-- Data for this exercise --
=== Section Start ===
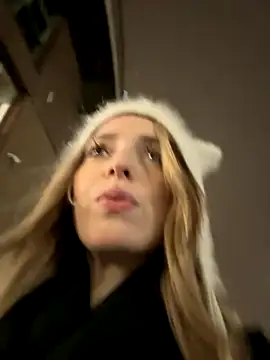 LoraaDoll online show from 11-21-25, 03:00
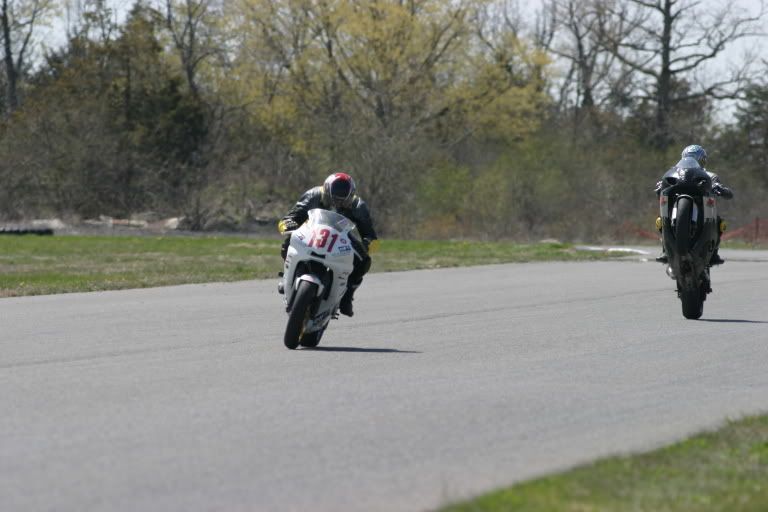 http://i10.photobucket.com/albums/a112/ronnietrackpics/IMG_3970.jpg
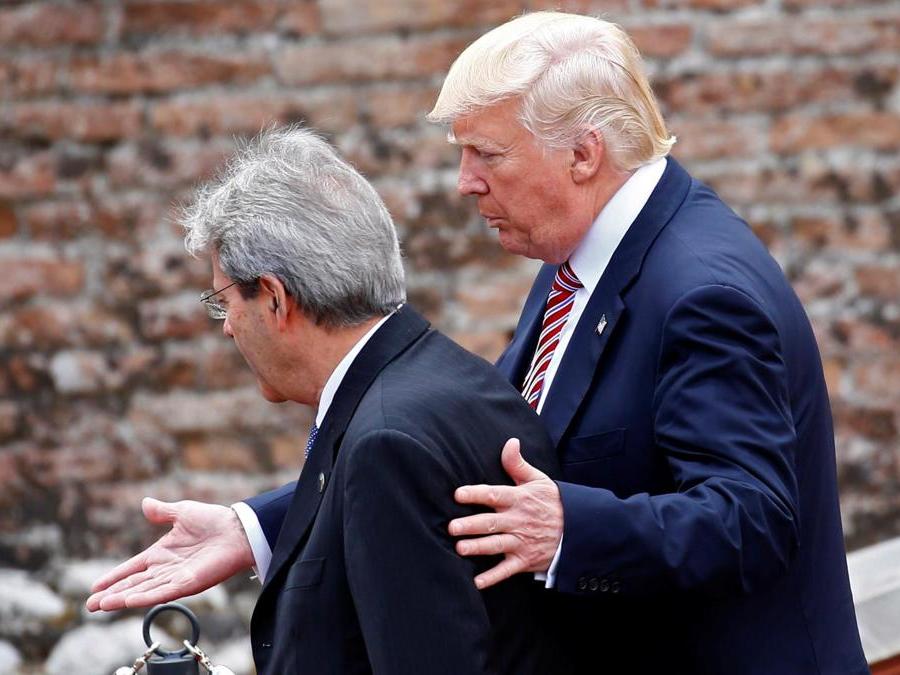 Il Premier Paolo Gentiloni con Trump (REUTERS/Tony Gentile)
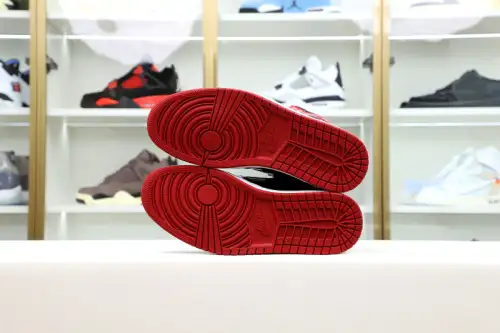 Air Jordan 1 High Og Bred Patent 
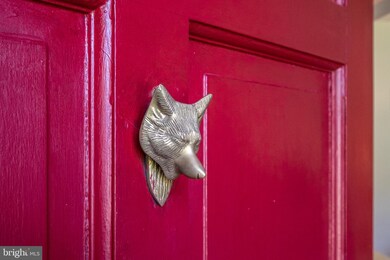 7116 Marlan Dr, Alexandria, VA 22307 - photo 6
=== Section End ===
=== Section Start ===
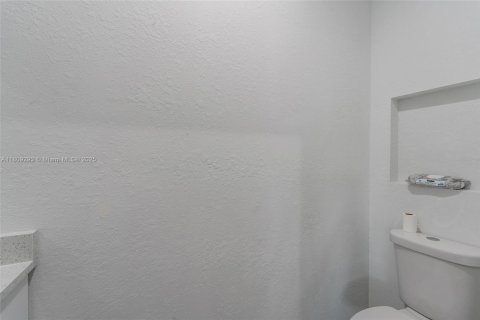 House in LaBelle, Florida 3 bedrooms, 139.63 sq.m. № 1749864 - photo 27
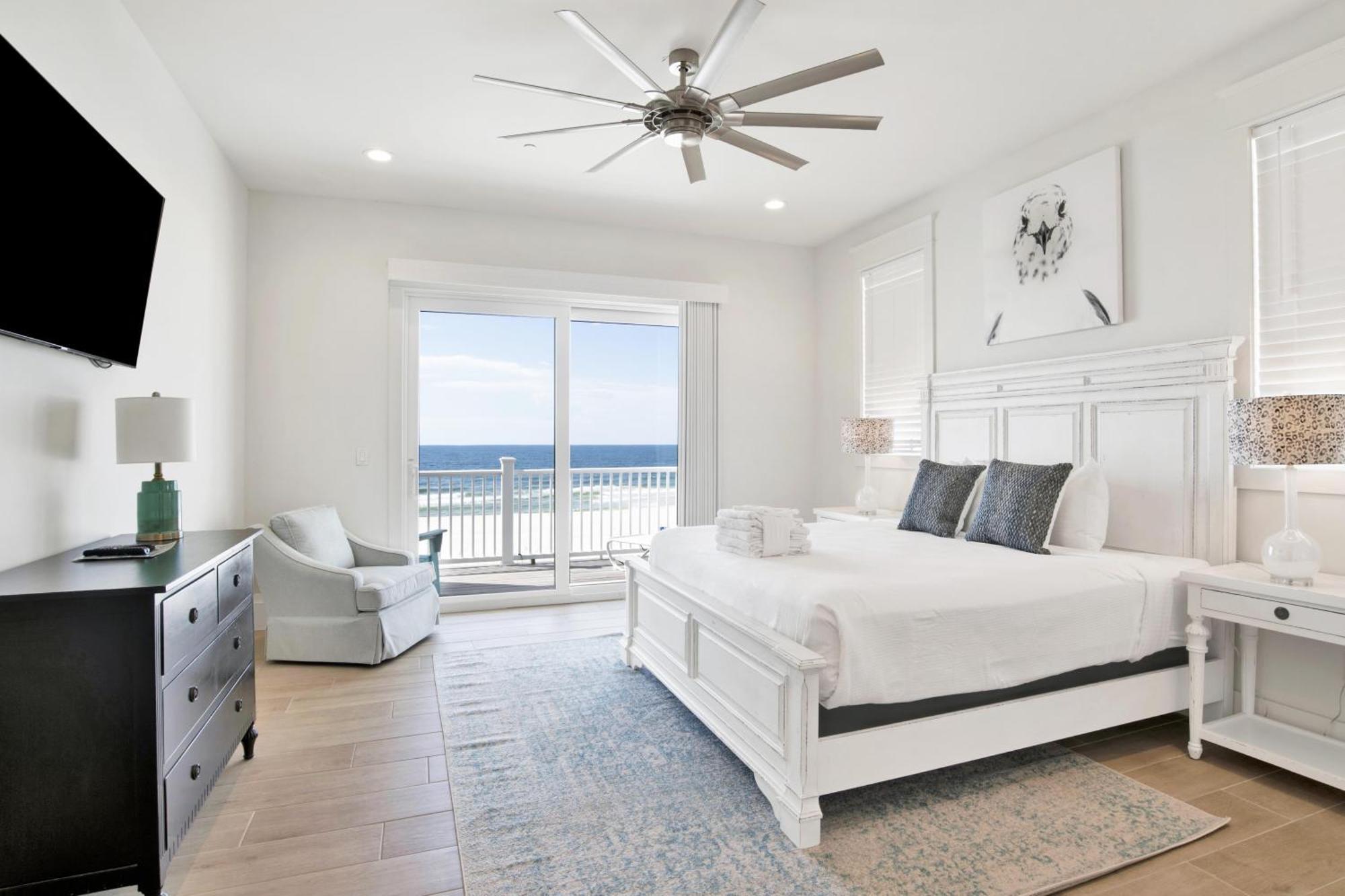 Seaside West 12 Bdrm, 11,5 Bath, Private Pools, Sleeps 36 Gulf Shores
=== Section End ===
-- Description of the task --
With pictures omitted, repeat the entries above word for word from the line holding "House in LaBelle, Florida" down to the line holding "Seaside West 12", keeping both of those lines.

-- Response to the task --
 House in LaBelle, Florida 3 bedrooms, 139.63 sq.m. № 1749864 - photo 27
 Seaside West 12 Bdrm, 11,5 Bath, Private Pools, Sleeps 36 Gulf Shores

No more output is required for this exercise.